▶ _Exercise brief_: Leaving out the images, please reproduce each line below exactly.

▶ _Source data_:
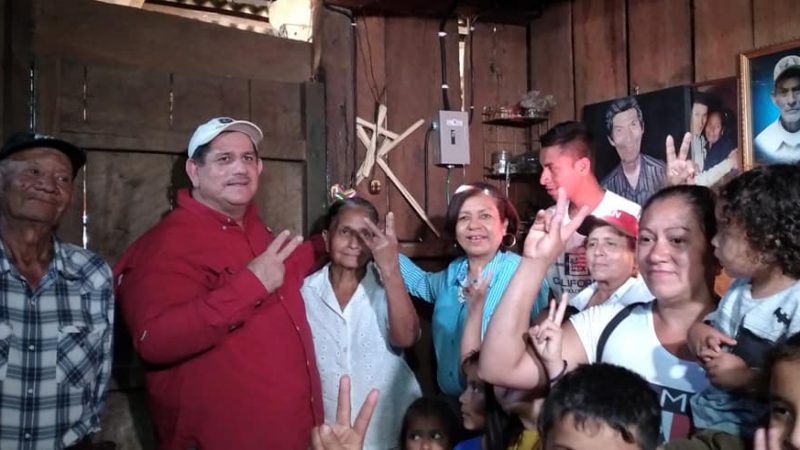 Pobladores de una comunidad de Estelí estrenan energía eléctrica Managua. Radio La Primerísima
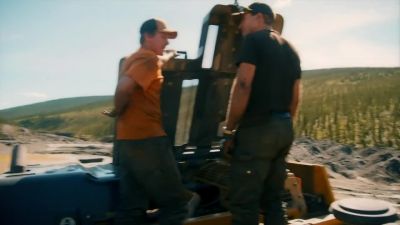 - Doesn't look like
it's leaking.
- No, sir! - Gold Rush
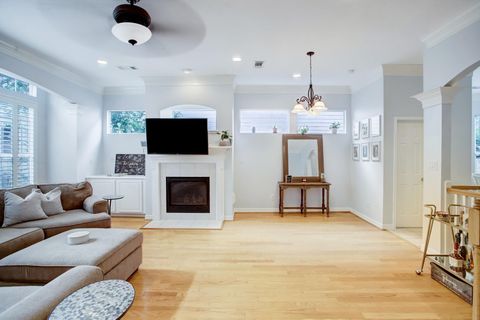 Photo of 5312 Blossom St St, Houston, TX 77007 (MLS # 12187171)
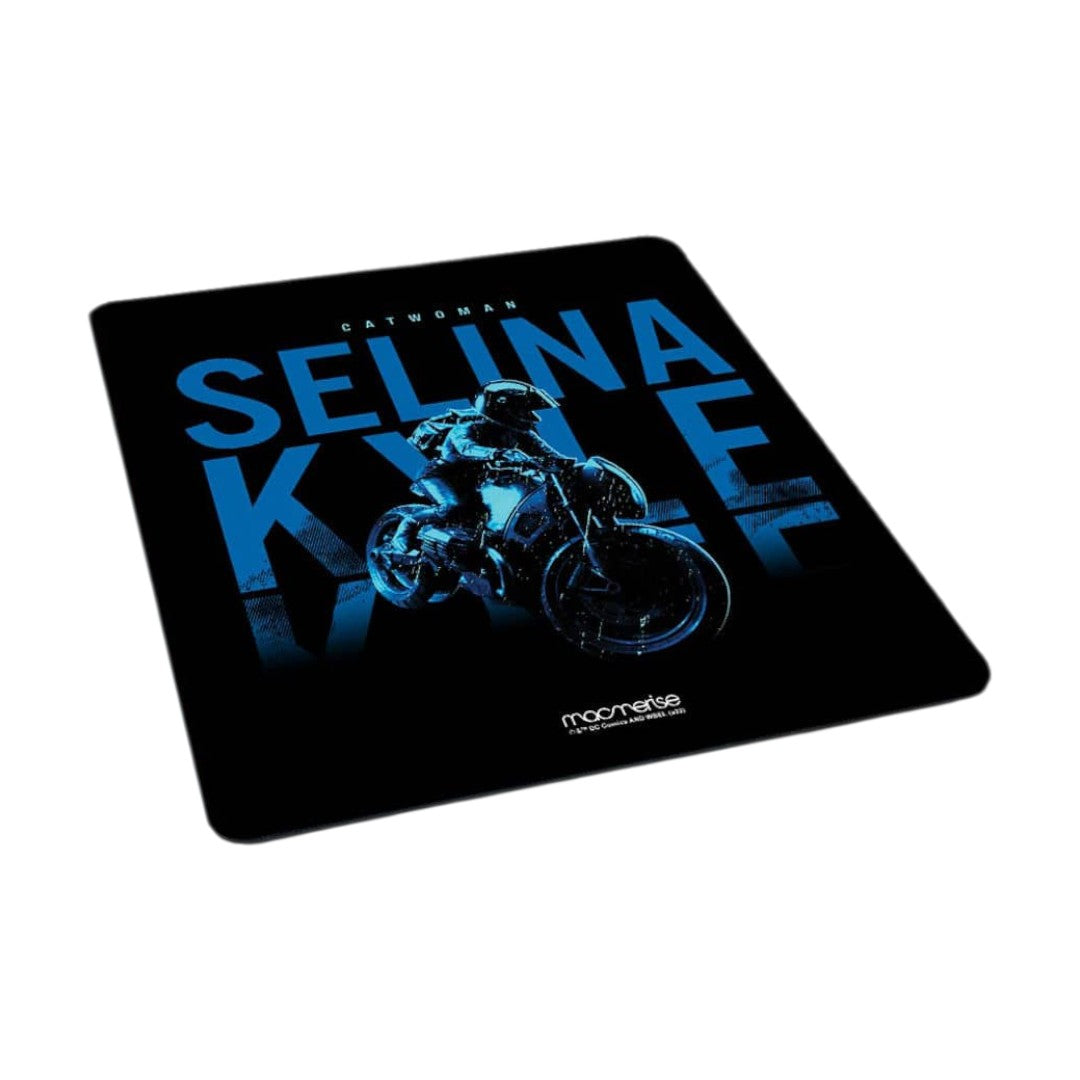 Selina Kyle Mouse Pad | Macmerise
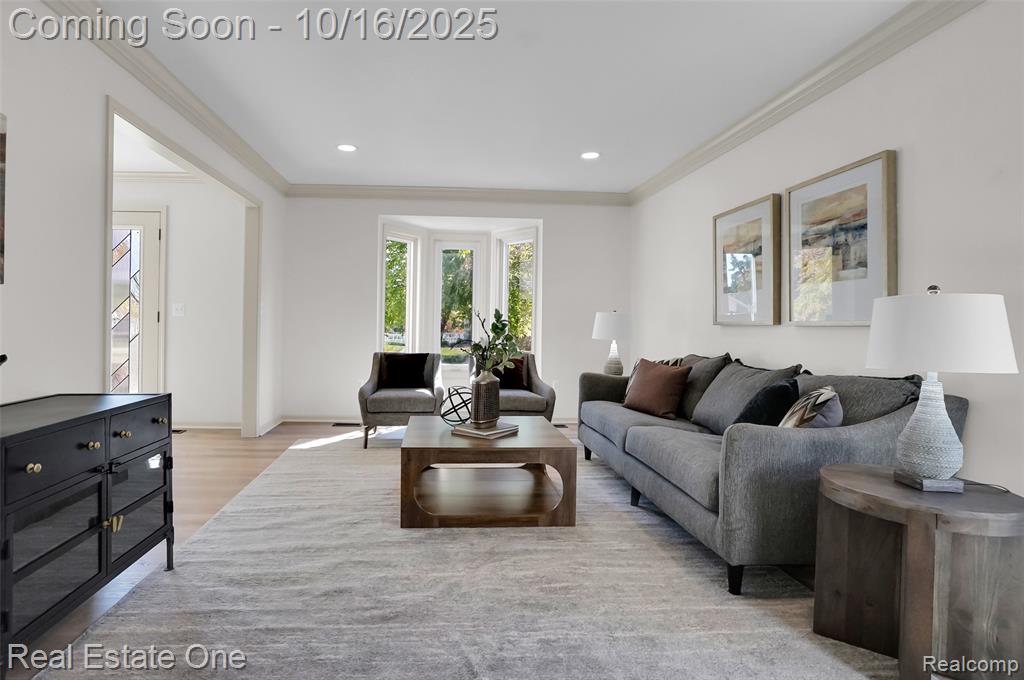 5275 Cheltenham Drive, Troy, MI 48098 — Photo 6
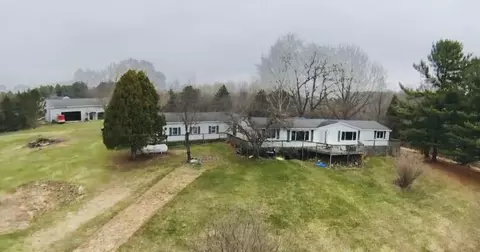 1306 Jack Henry Dr, Charlotte, MI 48813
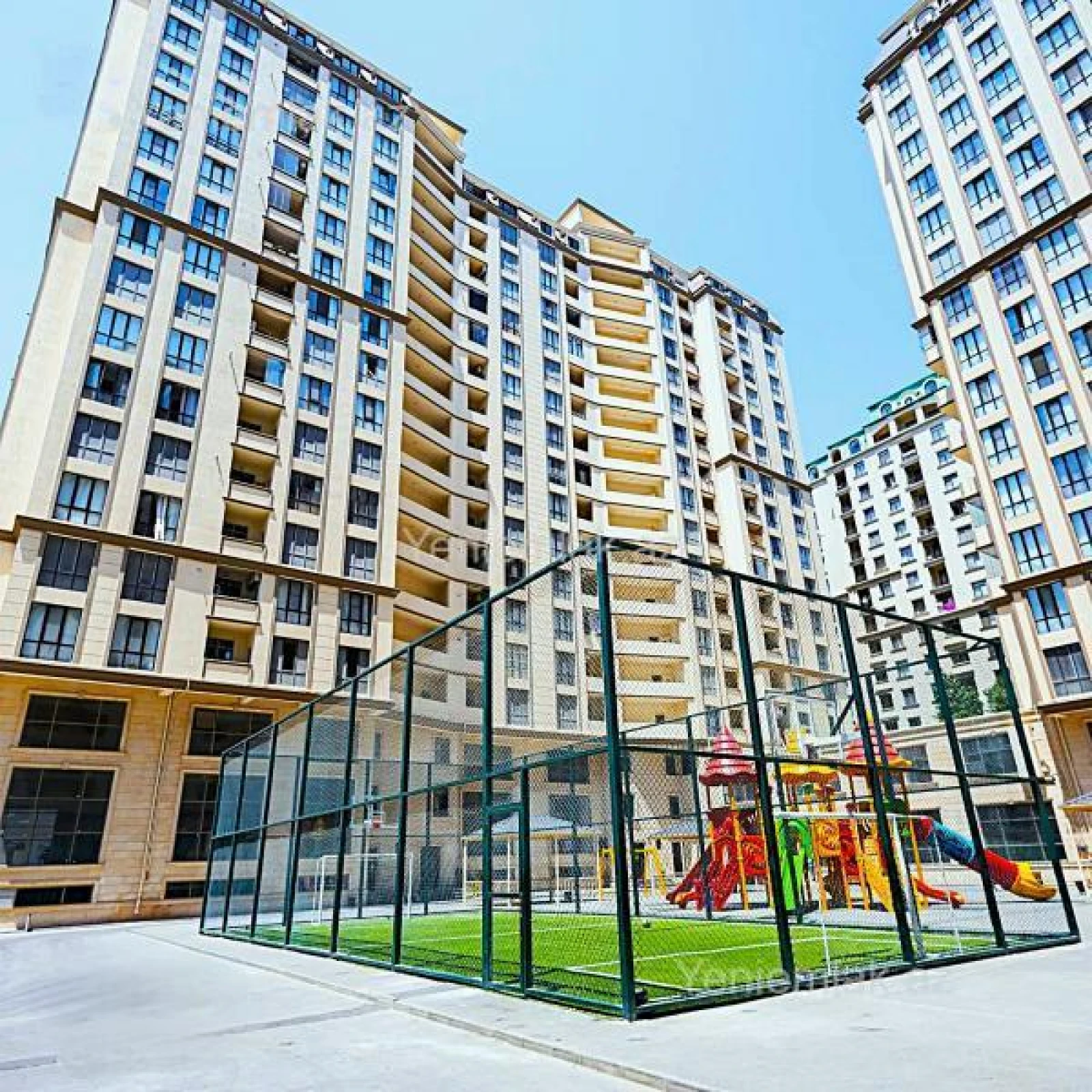 Satılır 2 otaqlı yeni tikili 70 m²
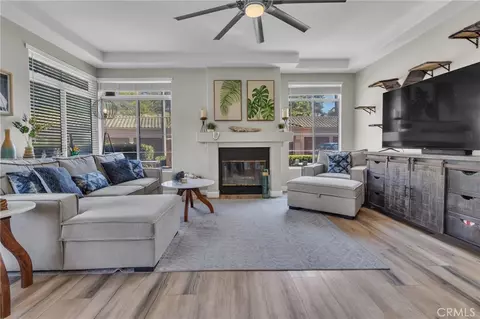 Living - 3535 Cameo Dr #114, Oceanside, CA 92056 photo 2 of 4
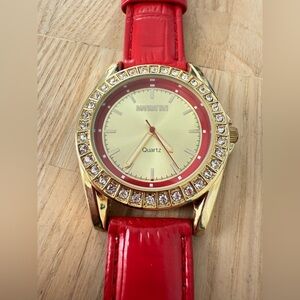 Manhattan by croton ladies gold tone red leather dress watch NEW BATTERY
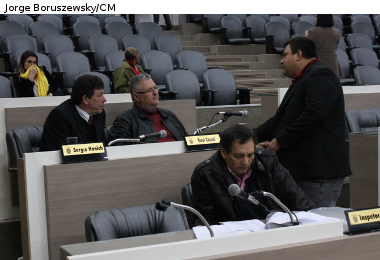 Lei de Diretrizes Orçamentárias para 2014 será apreciada apenas na quinta-feira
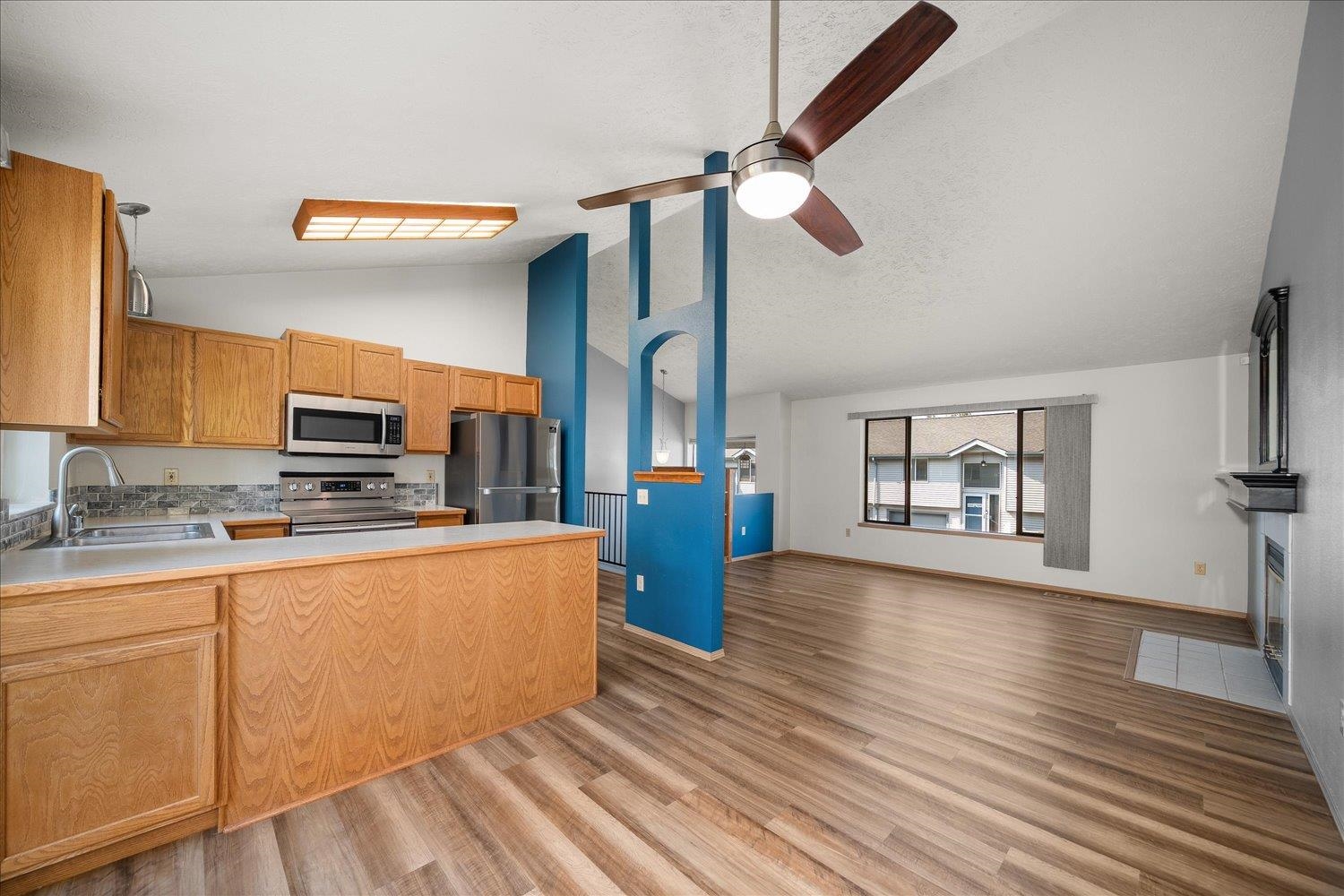 930 E CALKINS Dr - Photo 15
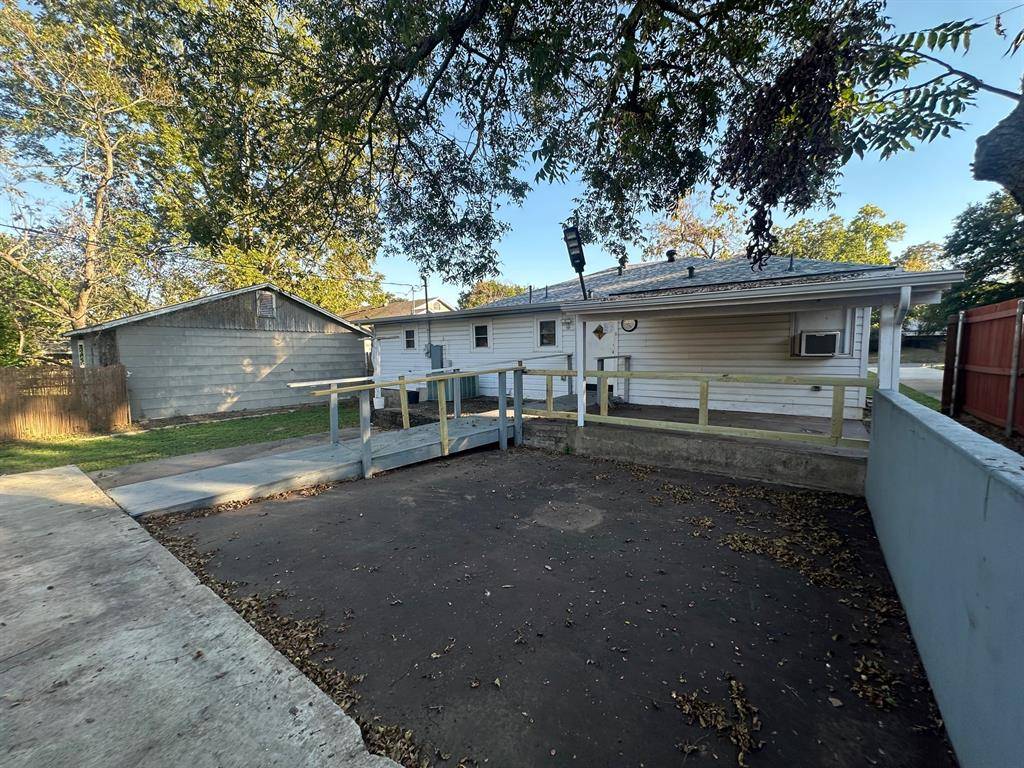 Denison, TX 75020,525 W Hanna Street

▶ _Exercise solution_:
 Pobladores de una comunidad de Estelí estrenan energía eléctrica Managua. Radio La Primerísima
 - Doesn't look like
it's leaking.
- No, sir! - Gold Rush
 Photo of 5312 Blossom St St, Houston, TX 77007 (MLS # 12187171)
 Selina Kyle Mouse Pad | Macmerise
 5275 Cheltenham Drive, Troy, MI 48098 — Photo 6
 1306 Jack Henry Dr, Charlotte, MI 48813
 Satılır 2 otaqlı yeni tikili 70 m²
 Living - 3535 Cameo Dr #114, Oceanside, CA 92056 photo 2 of 4
 Manhattan by croton ladies gold tone red leather dress watch NEW BATTERY
 Lei de Diretrizes Orçamentárias para 2014 será apreciada apenas na quinta-feira
 930 E CALKINS Dr - Photo 15
 Denison, TX 75020,525 W Hanna Street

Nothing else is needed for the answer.